Regreso del volcán Irazú y veo un zopilote de cabeza oscura que sobrevuela un potrero. Tengo curiosidad por saber qué lo ha traído hasta ahí, así que detengo el carro al lado de la calle. En el cielo, otros zopilotes trazan círculos. Los observo con mis binoculares: no tienen la cabeza negra, sino roja.

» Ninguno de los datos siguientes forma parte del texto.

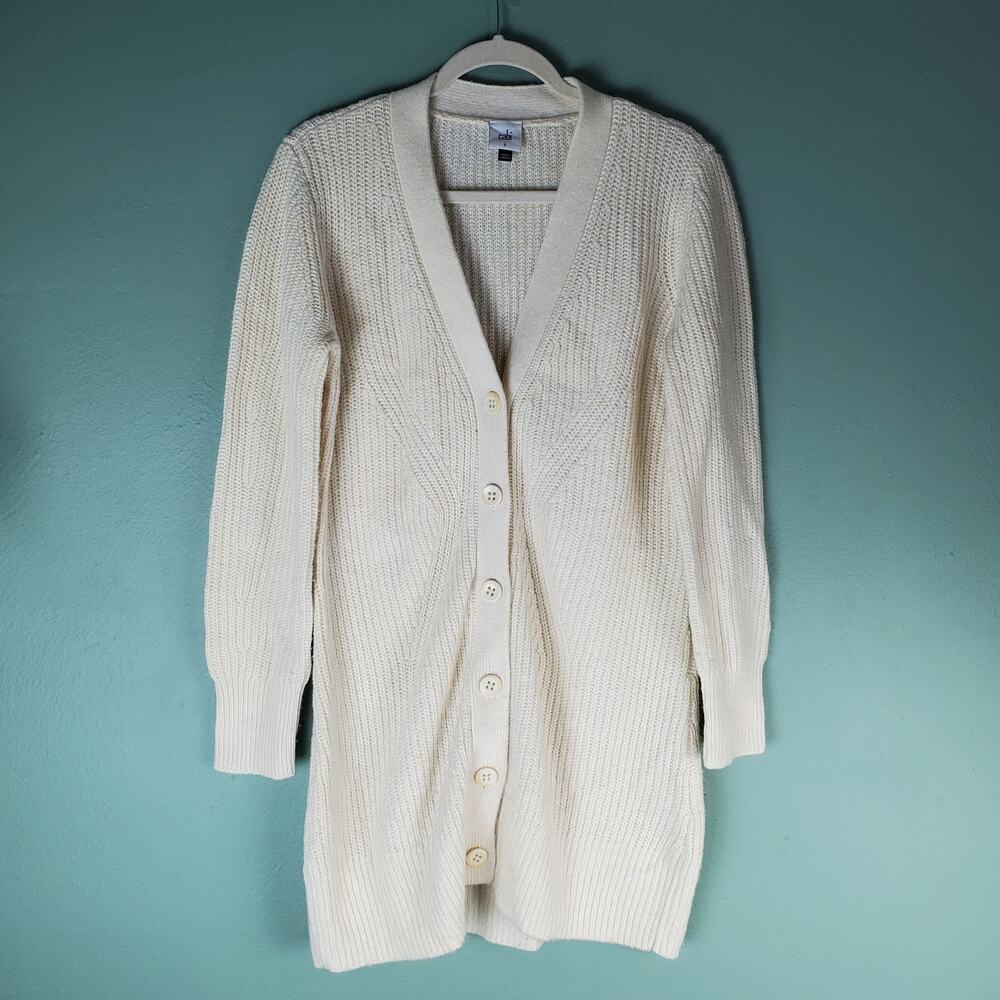 Cabi Womens Small Book Club VNeck Cardigan Sweater Ivory Cream Longline Knit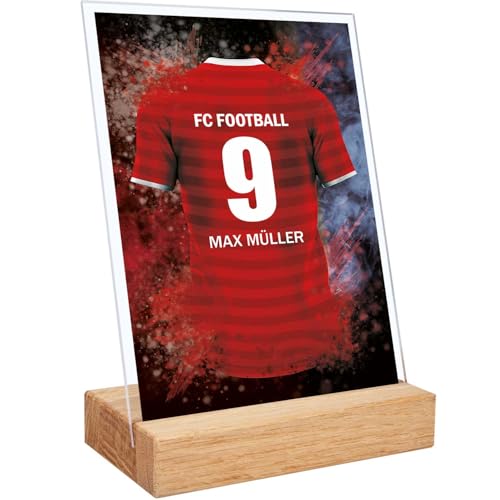 GRAVURZEILE Fußball Bild auf Acrylglas - Fussball Fanartikel Foto Trikot mit Name Nummer & Verein - Personalisierte Geschenke für Männer und Jungen - Geschenk für Ihn - Bayern Trikot - 15 x 20 cm GRAVURZEILE Fußball Bild auf Acrylglas - Fussball Fanartikel Foto Trikot mit Name Nummer & Verein - Personalisierte Geschenke für Männer und Jungen - Geschenk für Ihn - Bayern Trikot - 15 x 20 cm von GRAVURZEILE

Cuando regreso a la casa, busco más información. Los zopilotes de cabeza roja tienen un olfato extraordinario: detectan desde el aire los compuestos que libera un cuerpo en descomposición, incluso a más de dos kilómetros de distancia. También tienen una visión de gran alcance. Desde las alturas perciben cambios en el paisaje –el brillo de una piel, el movimiento de otros animales– y luego, cuando detectan su banquete, descienden como hélices guiadas por el hambre.
No necesitan matar. Solo llegar a tiempo, preferiblemente antes de que los de cabeza negra les roben el mandado.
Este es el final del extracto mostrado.